How about occasional budgeted "earmark bills" apportioned in a way that congress can haggle out.
I think that this sounds alright, but will never happen. Congress will have to be the one to enact this, and they love their earmarks to much.
Consider this example. When Bush came to office in 2000 he did want to cut down on earmarks. What he did was state that all earmarks in the conference reports should be ignored, (these come with the bills) and only earmarks in the actual bill should be honored. What did Congress do?
Congress simply then wrote into the law that the conference report had the power of law.
Foreign ownership is a result of our deficit spending. I don't trust Asian or Arab countries owing more and more of the US.
Well, I think there is a difference between holding treasury debt and having a foreign company purchase an American company.
I think most people do not see the distinction however. Many Asian and Arab countries are strong allies of the United States.
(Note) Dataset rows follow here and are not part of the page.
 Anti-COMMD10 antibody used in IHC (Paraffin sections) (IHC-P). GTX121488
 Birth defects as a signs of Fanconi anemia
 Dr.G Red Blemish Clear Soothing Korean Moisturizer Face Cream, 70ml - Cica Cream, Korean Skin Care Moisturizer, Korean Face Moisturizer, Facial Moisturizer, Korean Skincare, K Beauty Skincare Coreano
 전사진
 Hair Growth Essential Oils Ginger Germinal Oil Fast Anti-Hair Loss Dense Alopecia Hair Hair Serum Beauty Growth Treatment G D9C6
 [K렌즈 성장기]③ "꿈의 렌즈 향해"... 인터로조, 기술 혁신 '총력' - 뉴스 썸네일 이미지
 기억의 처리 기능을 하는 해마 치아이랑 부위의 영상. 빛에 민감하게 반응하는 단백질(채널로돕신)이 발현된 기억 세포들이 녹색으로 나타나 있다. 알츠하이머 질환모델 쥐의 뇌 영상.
It can also easily be argued that this interdependence will limit the frequency that major wars will occur, as they become to costly.
I would say that they both add to the deficit. Supply side economics would work if we could really sustain growth, but my opinion is that it may seem to work only because we go into debt.
Consider this projection:
For the past half-century, tax revenues have generally stayed within 1 percentage point of 18 percent of GDP. The CBO projects that, even if all 2001 and 2003 tax cuts are made permanent, revenues will still increase from 18.4 percent of GDP today to 22.8 percent by 2050, not counting any feedback revenues from their positive economic impact. It is projected that repealing the Bush tax cuts would nudge 2050 revenues up to 23.7 percent of GDP, not counting any revenue losses from the negative economic impact of the tax hikes. In effect, the Bush tax cut debate is whether revenues should increase by 4.4 percent or 5.3 percent of GDP.
Spending has remained around 20 percent of GDP for the past half-century. However, the coming retirement of the baby boomers will increase Social Security, Medicare, and Medicaid spending by a combined 10.5 percent of GDP. Assuming that this causes large budget deficits and increased net spending on interest, federal spending could surge to 38 percent of GDP and possibly much higher.
Overall, revenues are projected to increase from 18 percent of GDP to almost 23 percent. Spending is projected to increase from 20 percent of GDP to at least 38 percent. Even repealing all of the 2001 and 2003 cuts would merely shave the projected budget deficit of 15 percent of GDP by less than 1 percentage point, and that assumes no negative feedback from raising taxes. Clearly, the French-style spending increases, not tax policy, are the problem. Lawmakers should focus on getting entitlements under control.
I agree that Obama must cut spending, but I strongly disagree that lower capital gains, and less government involvement is the way to go.
We agree to disagree here I take it, but cutting capital gains rates has historically (under Clinton and Bush) resulted in higher tax revenues. If we are going to spend anyway, it makes the most sense to do what generates more revenue, which is cutting the capital gains rate.